Rewind the clock 2100 years, the Roman Republic was on the decline and the birth of the mighty Roman Empire was in full swing, but it wasn't the ingenuity of the Romans which gave us our first humble iron. It was another superpower of the day, some 4,700 miles to the East, the imperial Chinese.

Under the rule of the Han dynasty, the nobility and gentry classes would look to the women to press their cloth smooth. Often trapped indoors under a strict division of the sexes policy, these women would sit opposite each other holding the fabric while a metal pan filled with hot coals was past several times over the surface.

Fast forward 1700 years and life wouldn't have been any easier. In England, this was the era of the Jacobeans. A time when the civil war pitted the Roundheads with the Cavaliers and middle-class women led an idle domestic lifestyle while the lower classes were forced to take poorly paid jobs, often as servants where ironing would be one of many duties.

The favoured tools of the day would have been the flat iron or the sad iron, deriving from the Old English word 'sald' meaning solid. Sadirons were solid metal irons that were placed on an open fire or a stove until hot. Accurately judging the temperature was quite possibly one of the hardest tasks, too cold and it fails to iron anything, too hot and they'd easily scorch the garment being pressed. A drop of spit on the base or placing the iron close to the cheek was the equivalent of today's temperature dial.

A picture of Mary Floence Potts from around 1895

Judging the temperature wasn't the only hurdle these women would have to face, they were heavy, and the handle would get incredibly hot, even when using a thick cloth as protection, burnt fingers were a common occurrence. That is until Mary Florence Potts invented her own version of the sadiron when she was just 19 years old. Named Mrs Potts Cold Handle Sad Iron, these irons featured a removable wooden handle, lightweight construction and double pointed base. They were sold as a set of 3 sadiron bases and one handle which allowed for consistent ironing as they'd always be 2 sadirons bases on the stove heating up.
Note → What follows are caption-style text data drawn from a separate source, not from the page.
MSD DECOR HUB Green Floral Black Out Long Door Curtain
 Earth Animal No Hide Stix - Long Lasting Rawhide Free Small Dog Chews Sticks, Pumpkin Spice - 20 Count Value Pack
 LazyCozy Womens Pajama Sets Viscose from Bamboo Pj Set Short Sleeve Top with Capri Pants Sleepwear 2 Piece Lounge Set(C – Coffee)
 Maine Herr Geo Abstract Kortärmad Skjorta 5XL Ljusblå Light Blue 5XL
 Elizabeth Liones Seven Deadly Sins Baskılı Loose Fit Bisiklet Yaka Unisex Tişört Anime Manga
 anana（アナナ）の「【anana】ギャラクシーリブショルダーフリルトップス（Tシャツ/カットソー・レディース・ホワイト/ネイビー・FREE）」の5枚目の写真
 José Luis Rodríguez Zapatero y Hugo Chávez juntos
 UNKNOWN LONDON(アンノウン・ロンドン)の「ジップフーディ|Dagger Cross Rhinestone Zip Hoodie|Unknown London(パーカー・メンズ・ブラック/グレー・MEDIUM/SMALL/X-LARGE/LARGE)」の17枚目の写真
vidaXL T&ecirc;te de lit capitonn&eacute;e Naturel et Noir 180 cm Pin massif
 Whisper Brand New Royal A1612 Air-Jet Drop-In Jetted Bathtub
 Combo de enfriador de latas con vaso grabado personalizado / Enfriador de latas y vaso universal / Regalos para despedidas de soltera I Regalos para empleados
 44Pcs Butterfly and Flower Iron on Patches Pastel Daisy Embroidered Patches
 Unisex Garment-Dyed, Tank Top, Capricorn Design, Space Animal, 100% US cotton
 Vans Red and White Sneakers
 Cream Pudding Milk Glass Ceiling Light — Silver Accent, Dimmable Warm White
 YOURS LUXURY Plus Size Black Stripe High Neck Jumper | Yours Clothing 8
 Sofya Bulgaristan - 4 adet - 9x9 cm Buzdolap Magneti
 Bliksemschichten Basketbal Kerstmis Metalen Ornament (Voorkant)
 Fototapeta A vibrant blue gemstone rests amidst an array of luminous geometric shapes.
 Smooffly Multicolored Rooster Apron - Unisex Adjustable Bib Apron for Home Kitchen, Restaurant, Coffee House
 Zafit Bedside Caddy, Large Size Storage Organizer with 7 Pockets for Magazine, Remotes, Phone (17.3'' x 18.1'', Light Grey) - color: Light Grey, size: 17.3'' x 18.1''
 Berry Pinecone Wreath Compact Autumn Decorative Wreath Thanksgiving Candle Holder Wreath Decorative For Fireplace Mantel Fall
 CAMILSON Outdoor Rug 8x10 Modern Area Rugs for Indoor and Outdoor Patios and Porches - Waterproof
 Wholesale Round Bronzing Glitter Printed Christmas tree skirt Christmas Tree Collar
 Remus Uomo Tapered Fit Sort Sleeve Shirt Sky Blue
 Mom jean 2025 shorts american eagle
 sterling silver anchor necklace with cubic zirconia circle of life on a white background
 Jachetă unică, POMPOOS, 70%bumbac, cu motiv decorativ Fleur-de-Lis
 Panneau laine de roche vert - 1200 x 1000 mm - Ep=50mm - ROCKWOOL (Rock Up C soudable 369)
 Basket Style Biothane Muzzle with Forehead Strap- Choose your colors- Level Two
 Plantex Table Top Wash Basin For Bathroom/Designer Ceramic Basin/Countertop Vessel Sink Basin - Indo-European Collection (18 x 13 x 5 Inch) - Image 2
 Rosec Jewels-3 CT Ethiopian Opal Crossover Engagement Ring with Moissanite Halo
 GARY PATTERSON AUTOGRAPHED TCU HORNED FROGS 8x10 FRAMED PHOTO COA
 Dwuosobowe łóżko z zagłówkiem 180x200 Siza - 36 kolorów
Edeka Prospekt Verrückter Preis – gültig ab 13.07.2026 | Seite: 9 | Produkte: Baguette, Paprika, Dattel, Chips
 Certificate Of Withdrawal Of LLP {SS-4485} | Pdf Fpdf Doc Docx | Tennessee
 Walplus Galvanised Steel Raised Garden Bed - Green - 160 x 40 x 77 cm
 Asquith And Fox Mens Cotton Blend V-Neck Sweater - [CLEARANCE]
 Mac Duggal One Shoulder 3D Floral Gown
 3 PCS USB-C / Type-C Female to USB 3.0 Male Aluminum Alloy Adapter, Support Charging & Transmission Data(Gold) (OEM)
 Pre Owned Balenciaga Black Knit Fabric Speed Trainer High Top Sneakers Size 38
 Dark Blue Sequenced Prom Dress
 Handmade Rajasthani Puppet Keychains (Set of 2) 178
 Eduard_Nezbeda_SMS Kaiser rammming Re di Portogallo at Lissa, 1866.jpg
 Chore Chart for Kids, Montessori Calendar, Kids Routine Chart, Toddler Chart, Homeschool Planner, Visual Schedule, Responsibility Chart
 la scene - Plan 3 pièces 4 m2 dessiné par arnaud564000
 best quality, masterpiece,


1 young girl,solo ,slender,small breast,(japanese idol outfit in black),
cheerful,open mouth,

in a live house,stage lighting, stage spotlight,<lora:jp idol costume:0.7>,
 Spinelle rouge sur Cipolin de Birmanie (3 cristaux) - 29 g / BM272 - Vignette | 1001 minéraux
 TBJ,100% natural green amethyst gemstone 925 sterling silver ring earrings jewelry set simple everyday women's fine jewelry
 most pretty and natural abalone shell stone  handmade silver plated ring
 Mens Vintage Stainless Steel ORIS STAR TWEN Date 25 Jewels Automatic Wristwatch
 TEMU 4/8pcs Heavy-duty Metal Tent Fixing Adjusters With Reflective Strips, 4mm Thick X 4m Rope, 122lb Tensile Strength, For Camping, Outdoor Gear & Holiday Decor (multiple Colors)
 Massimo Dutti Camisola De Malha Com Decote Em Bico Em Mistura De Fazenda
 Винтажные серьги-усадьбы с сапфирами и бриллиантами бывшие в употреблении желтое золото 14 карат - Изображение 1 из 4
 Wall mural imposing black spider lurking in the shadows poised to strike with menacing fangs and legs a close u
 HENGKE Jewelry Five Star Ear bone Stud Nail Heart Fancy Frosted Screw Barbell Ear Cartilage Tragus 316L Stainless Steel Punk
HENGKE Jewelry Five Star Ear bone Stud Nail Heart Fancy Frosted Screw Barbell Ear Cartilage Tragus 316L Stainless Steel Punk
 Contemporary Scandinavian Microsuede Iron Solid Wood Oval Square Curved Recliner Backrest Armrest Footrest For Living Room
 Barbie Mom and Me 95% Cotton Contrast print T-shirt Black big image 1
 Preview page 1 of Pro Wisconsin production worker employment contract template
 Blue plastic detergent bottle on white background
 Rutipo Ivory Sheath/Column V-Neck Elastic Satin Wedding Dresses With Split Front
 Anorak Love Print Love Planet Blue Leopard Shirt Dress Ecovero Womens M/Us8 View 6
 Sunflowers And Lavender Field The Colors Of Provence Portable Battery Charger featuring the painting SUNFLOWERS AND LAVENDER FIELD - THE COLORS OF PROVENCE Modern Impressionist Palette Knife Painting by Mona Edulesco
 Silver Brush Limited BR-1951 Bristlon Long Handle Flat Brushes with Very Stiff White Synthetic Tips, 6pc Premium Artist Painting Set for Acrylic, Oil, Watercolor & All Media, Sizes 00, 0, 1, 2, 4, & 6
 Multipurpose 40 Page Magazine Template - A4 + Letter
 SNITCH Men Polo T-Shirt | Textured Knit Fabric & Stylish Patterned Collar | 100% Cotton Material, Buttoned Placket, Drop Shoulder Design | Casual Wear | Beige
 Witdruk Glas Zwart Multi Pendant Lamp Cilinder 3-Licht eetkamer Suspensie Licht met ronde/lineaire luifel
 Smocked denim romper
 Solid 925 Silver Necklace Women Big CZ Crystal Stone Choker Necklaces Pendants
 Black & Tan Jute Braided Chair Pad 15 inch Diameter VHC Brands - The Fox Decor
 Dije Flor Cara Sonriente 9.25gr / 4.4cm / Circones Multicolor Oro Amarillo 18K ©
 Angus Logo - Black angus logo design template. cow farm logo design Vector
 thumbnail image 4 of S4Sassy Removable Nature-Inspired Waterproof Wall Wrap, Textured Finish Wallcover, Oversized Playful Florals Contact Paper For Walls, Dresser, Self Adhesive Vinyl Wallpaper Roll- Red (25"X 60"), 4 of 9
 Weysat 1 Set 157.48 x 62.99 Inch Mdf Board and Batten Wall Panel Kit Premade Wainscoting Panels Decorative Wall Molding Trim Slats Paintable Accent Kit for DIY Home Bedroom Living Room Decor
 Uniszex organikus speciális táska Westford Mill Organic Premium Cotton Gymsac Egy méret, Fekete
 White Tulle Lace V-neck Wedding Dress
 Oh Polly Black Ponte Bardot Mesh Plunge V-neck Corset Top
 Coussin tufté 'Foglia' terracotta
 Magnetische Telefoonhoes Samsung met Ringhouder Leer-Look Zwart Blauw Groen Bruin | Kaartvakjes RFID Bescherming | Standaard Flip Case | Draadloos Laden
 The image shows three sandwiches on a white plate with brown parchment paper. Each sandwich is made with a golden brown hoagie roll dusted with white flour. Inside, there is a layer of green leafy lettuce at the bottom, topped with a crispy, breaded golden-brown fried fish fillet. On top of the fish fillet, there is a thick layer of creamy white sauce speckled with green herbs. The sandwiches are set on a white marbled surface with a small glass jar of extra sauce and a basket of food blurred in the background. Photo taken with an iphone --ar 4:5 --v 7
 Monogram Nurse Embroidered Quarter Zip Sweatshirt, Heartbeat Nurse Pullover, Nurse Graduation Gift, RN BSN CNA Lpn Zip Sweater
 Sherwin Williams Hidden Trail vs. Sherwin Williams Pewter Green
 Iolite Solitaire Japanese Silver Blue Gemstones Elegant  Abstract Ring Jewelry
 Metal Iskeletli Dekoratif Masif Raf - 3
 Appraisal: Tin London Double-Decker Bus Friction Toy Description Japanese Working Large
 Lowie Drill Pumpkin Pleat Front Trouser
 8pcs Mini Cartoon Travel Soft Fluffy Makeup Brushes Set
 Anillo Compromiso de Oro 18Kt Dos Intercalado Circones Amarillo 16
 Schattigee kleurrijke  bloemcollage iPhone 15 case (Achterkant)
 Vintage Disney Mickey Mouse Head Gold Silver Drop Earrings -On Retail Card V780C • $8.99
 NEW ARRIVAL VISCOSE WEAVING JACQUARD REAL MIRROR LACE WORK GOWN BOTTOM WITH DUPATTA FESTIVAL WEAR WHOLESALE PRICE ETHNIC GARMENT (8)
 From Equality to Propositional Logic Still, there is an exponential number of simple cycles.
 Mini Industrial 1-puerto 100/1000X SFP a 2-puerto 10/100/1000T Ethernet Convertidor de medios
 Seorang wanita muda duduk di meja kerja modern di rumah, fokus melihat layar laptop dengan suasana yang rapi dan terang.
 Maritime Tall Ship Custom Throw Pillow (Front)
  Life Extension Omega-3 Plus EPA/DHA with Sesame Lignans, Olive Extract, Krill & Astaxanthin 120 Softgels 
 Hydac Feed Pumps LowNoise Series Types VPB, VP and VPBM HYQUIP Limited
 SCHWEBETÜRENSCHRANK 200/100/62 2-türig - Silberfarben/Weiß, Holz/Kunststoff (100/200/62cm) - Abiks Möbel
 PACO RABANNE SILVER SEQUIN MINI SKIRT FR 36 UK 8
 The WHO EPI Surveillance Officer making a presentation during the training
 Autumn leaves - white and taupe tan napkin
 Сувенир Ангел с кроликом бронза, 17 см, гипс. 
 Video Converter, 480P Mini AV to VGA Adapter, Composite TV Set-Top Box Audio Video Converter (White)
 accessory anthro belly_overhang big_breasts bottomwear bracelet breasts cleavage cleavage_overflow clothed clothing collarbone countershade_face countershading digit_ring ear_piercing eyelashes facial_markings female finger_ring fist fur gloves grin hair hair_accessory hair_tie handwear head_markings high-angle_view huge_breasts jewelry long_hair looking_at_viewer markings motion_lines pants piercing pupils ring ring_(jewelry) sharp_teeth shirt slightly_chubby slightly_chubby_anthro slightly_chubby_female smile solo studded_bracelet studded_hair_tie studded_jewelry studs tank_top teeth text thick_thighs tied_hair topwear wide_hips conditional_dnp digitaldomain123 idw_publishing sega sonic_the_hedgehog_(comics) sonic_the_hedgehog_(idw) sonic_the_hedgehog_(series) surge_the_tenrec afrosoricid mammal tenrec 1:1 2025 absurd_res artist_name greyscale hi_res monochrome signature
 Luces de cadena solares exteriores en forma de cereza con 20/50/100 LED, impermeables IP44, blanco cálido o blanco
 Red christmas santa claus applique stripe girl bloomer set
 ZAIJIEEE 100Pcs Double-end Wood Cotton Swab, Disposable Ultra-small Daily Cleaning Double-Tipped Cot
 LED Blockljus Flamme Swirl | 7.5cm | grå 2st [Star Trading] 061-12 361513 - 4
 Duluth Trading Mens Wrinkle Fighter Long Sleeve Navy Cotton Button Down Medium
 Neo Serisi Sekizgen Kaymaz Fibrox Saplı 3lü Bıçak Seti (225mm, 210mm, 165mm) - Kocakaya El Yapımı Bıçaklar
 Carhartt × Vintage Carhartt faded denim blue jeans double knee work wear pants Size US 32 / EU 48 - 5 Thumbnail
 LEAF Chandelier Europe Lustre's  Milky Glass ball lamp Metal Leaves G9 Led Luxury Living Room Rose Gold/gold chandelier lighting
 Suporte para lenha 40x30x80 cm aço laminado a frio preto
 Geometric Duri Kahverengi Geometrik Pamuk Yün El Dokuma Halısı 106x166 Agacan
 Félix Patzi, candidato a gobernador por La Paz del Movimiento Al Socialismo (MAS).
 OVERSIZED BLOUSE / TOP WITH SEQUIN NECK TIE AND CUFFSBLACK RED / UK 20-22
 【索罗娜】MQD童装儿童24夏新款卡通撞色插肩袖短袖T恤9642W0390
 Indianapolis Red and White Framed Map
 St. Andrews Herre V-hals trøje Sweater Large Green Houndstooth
The sadiron was just one solution to the problem, but in actual fact, there were many. If we look around the globe, we can find many similar solutions to the same problem. The people were using the same principle of heat and weight, built with the materials available. In Eqypt the makwagi or ironing men would use huge metal slabs which they would push with their feet. In North Africa, terracotta iron pots filled with hot embers would be used to smooth out garments, and in Kerala India, the people would burn coconut shells inside a metal box iron. Surprisingly, due to the constant energy crises they face, this technique is still used as an alternative today.

More than 2000 years of ironing history and, except for the industrial age, not a lot really changed over that time. We had to fully understand and distribute the power of electricity before we'd see any significant changes to domestic life.